Artes Plásticas sob o contexto autoritário e de vigilância
A ditadura militar no Brasil, como em outros regimes na América Latina, mostrou-se rígida, com repressão e violência. O AI-5, em 1968, endureceu a censura e suspendeu direitos fundamentais. Embora as artes plásticas não estivessem sob o mesmo jugo da censura prévia regulamentada para teatro e cinema, elas seguiam a mesma lógica no contexto de repressão autoritária. A esfera da cultura era vista com suspeição, e a vigilância era constante, não apenas por militares, mas também por apoiadores, membros dos aparelhos de controle e delatores.
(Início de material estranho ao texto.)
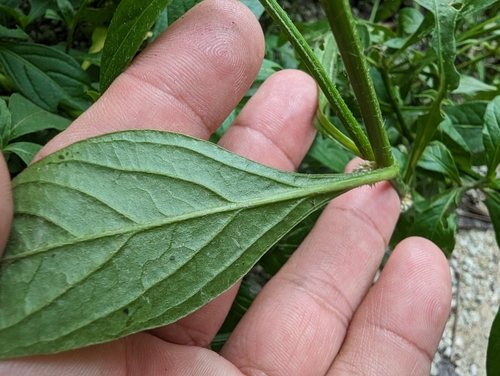 Alternanthera ficoidea (Joseph's Coat) (alternate view 4)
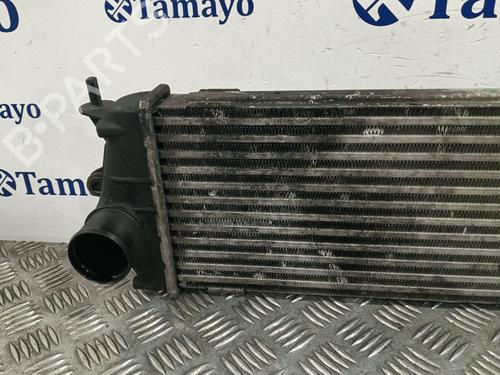 Intercooler OPEL VIVARO A Bus (X83) 2.0 CDTI (F7, J7, A07) | BP29999151M30 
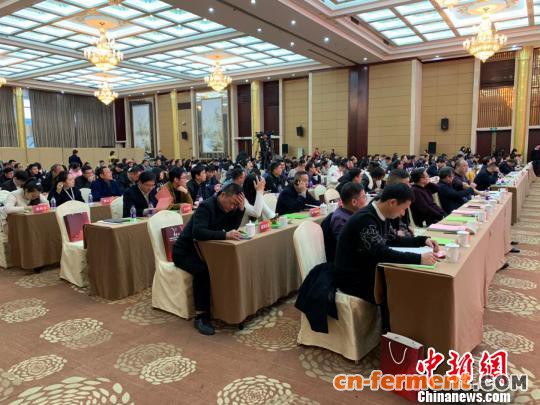 大会现场。 郭其钰 摄 大会现场。 郭其钰 摄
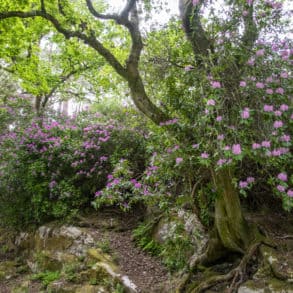 rhododendron tree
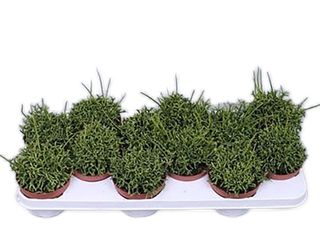Rhipsalis K10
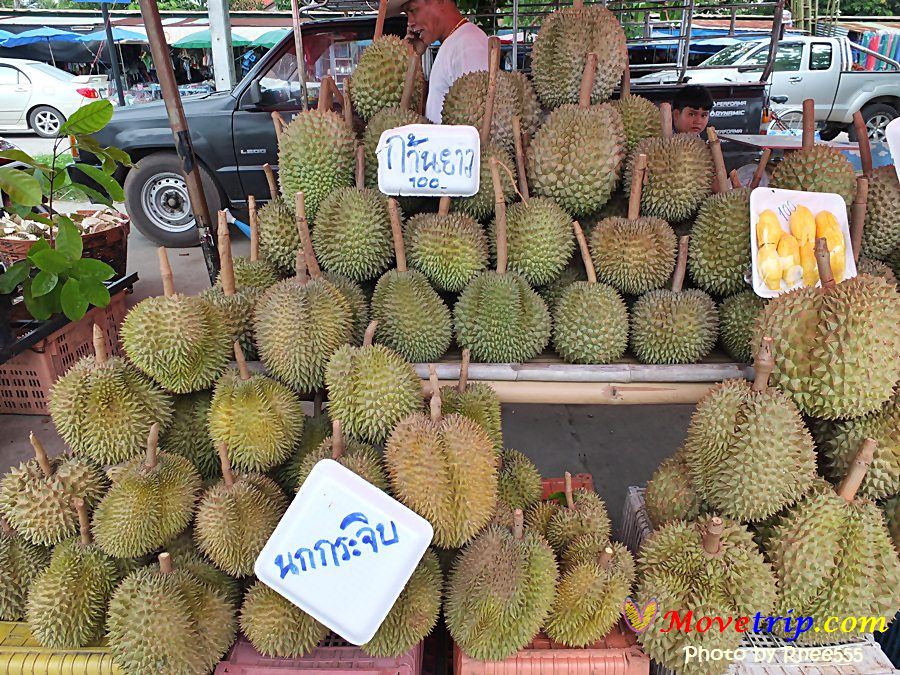 tapongmarket2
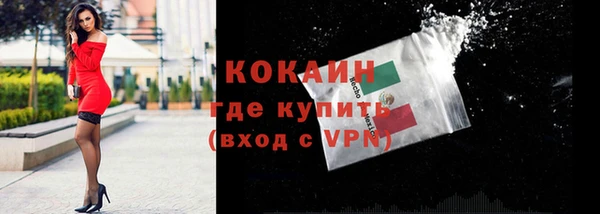 бошки Лагань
Havia a crença, por parte dos militares e de seus apoiadores, de que a arte deveria permanecer distante das influências políticas. Artistas plásticos frequentemente foram vistos como subversivos ou associados às ideologias de esquerda, à crítica social e à contestação da moral e dos “bons costumes”. Já as críticas ao regime eram vistas como ameaças à segurança nacional.
A produção brasileira de artes plásticas nesse período passou a expressar o inconformismo com o autoritarismo e com as transformações artísticas globais da época. Os anos 1950 e o início da década seguinte foram marcados pela relação com o desenvolvimento nacional, exemplificado pelo concretismo e pela construção de Brasília. Após 1964, passou a vigorar o clamor por rupturas, de ordem estética e política, por meio da crítica ao regime político e aos padrões estabelecidos na arte, propondo novas linguagens e relações entre artista, obra e público.
A crítica política ganhava força, associada às vanguardas artísticas internacionais, como o pop, o happening, a videoarte, o minimalismo e o conceitualismo. Além disso, alguns eventos e movimentos foram marcantes nesse período para indicar os novos rumos da arte no Brasil, como o “Opinião 65” (MAM-RJ/1965), a “Nova Figuração”, que representava a realidade de forma mais direta e crítica, a “Nova Objetividade Brasileira” (MAM-RJ/1967), que reuniu diferentes vertentes da arte experimental, e “Do Corpo à Terra” (Parque Municipal de BH/1970), que colaborou para consolidar a perspectiva de tirar a arte dos museus e galerias e levá-la para o espaço público. A Bienal de São Paulo, criada em 1951 e considerada um palco importante para a arte, durante a ditadura militar também se tornou um espaço de tensão e contestação, como ocorreu na “Bienal do Boicote” (1969).
Nesse cenário brasileiro e latino-americano, marcado por regimes autoritários, as artes plásticas revelaram comprometimento político-social e também experimentação artística. Artistas plásticos da época passaram a circular por diferentes espaços, muitas vezes migrando para fora do circuito tradicional de galerias e museus. Além disso, buscaram criticar e protestar contra o autoritarismo, frequentemente de forma metafórica, utilizando vídeos, performances, instalações e, ainda, espaços como ruas e parques, suportes como cédulas de dinheiro, objetos cotidianos e os seus próprios corpos. Artistas como Hélio Oiticica, Lygia Clark, Antonio Dias, Carlos Vergara, Ivan Serpa, Rubens Gerchman, Lygia Pape, Nelson Leirner, Anna Maria Maiolino, Antonio Manuel, Artur Barrio e Cildo Meireles são considerados nomes importantes da arte no período.Assim sendo, as artes visuais foram atravessadas por mecanismos de censura e repressão, mas também por uma intensa capacidade criativa, que soube converter as dificuldades, as restrições e a violência em combustível para transgredir, denunciar e resistir.